If we pass a directory as an argument to a program, it may contain symbolic links to anywhere. Since processes may now have different namespaces, we have a choice of namespaces in which to resolve the destinations of the symbolic links. Do we resolve them in the user's namespace, or the process's namespace?
If we resolve symlinks in the user's namespace, and we allow the process to create symlinks to arbitrary destinations, it could create a symlink to `/' and thereby grant itself access to all of the user's filesystem. Instead, we could try to restrict the ability of a process to create symlinks, so that it can only create symlinks to files and directories that it already has access to. But since symlinks are interpreted relative to their position in the filesystem, which can change, it would be difficult to make this robust. Furthermore, the problem of pre-existing symlinks remains. A user should be able to tell what files and directories they're granting access to based on the command invocation. Granting access also to files and directories that are symlinked to, perhaps from deep inside a directory, violates this, because there is little constraint on the destinations of symlinks.
Resolving symlinks in the process's namespace makes more sense. It follows the normal semantics of symlinks under Unix, which is that symlinks are simply a convenience that *could* be implemented by the process itself rather than by the kernel.
Ultimately, the solution is to do away with symbolic links and replace them with object references.
If we are to implement these semantics, we must be careful not to use the kernel's ability to follow symlinks. There is not a straightforward option for turning off following symlinks in the underlying filesystem. When we give a pathname such as `a/b/c' to the kernel, if `a/b' is a symbolic link the kernel will always follow it, interpreting it in its namespace.
The approach used in the file server is to set the current working directory to each component of the pathname in turn. For each component, do:
lstat() on the leaf name. If it's a symlink, do readlink() and interpret the link.

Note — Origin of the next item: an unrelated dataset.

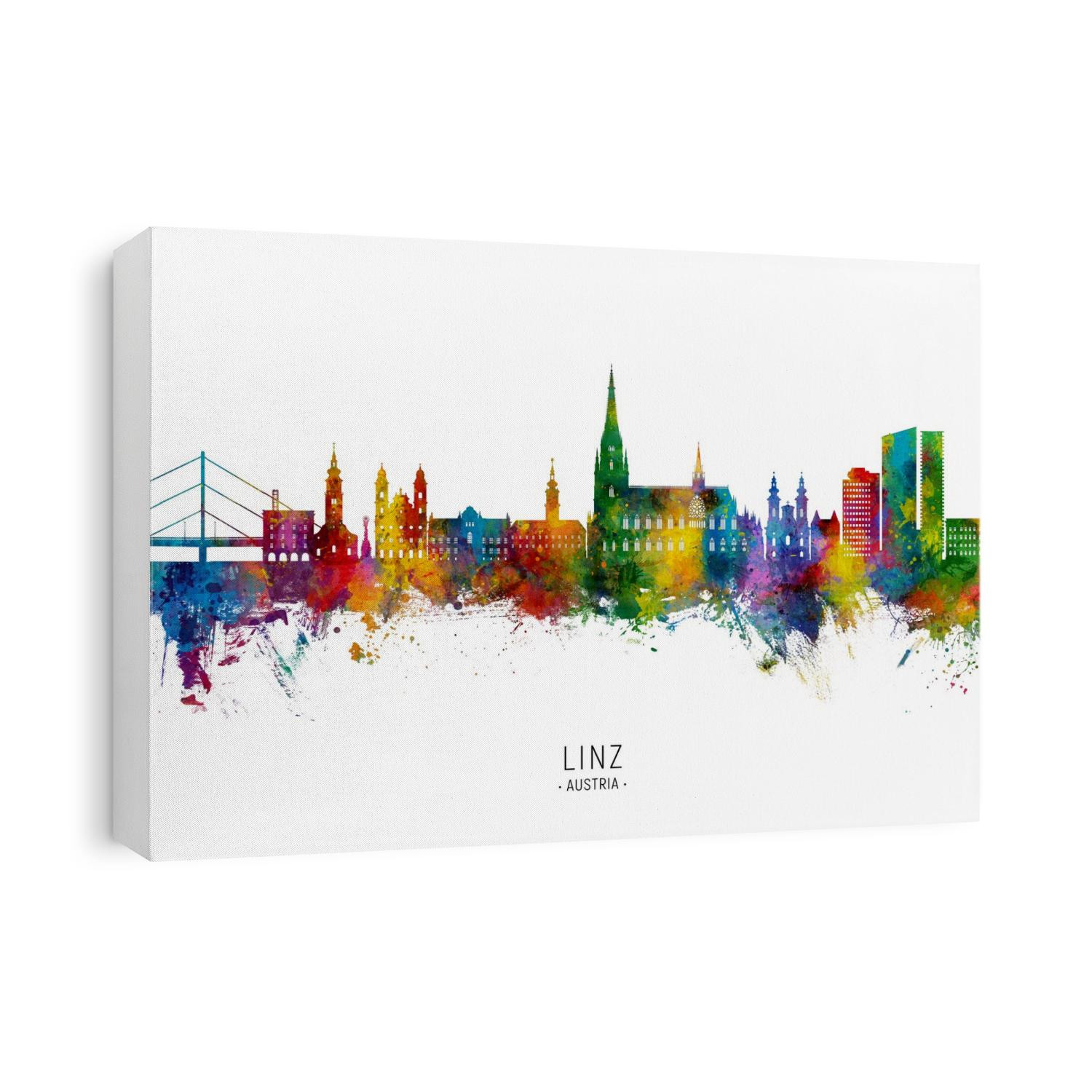 Watercolor art print of the skyline of Linz, Austria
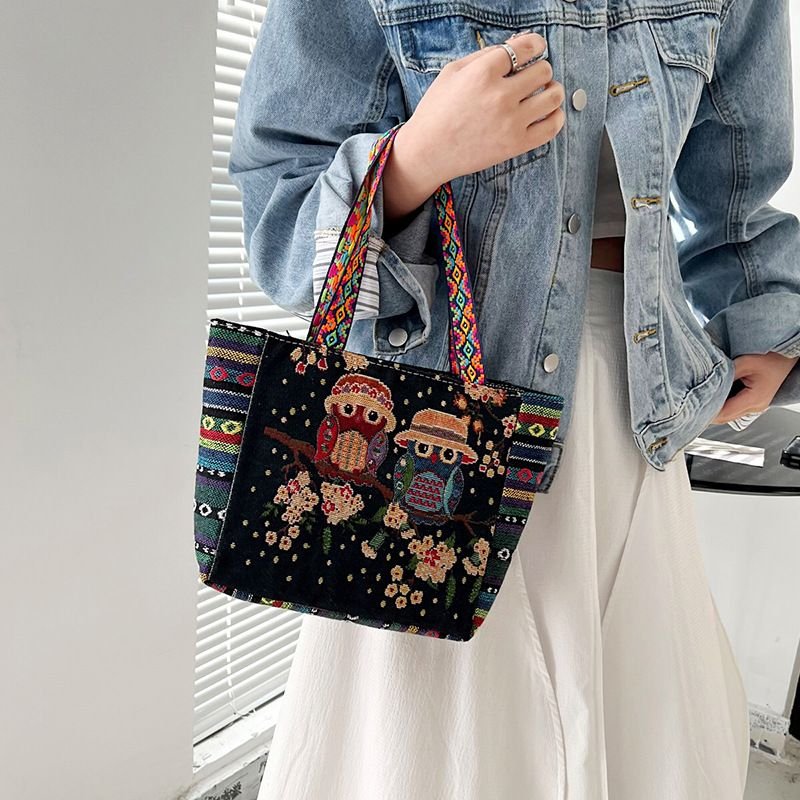 Women Fashion Ethnic Embroidered Canvas Tote Bag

Otherwise, if it's a directory, do open(leaf, O_NOFOLLOW | O_DIRECTORY). If O_NOFOLLOW or O_DIRECTORY are not supported, we can do fstat() to check that the object opened is the same as the one we lstat()'d (it may have changed between the system calls).
Do fchdir() to set the current directory to the directory.
Obviously this requires more system calls than allowing the kernel to resolve symlinks.
Note that the server must never send the clients FDs for directories. A client could use a directory FD to break out of its chroot jail.
The Unix kernel can be regarded as providing a set of capability registers (file descriptors) that can contain directory object references, along with a special capability register (the current working directory) relative to which pathnames are resolved. References can be copied from a normal register to the special register using fchdir(). References can be copied from the special register to the normal registers using open(".").
Unfortunately, this model falls down in two places:
Directories with `execute' but not `read' permission cannot be opened with open(). One can chdir() into them, but not fchdir() into them.
Arguably, Unix should let you open() such directories but not read their contents using the resulting FD.
This could be worked around, but no workaround is implemented yet.
link() is unusual in that it takes two pathname arguments. It is difficult to use safely (without the kernel following symlinks). We have no guarantee that the source file (or destination) is the one we intended to link. Any check will be vulnerable to race conditions.
The same applies to rename().
Under Plash, link() and rename() are only implemented for the same-directory case.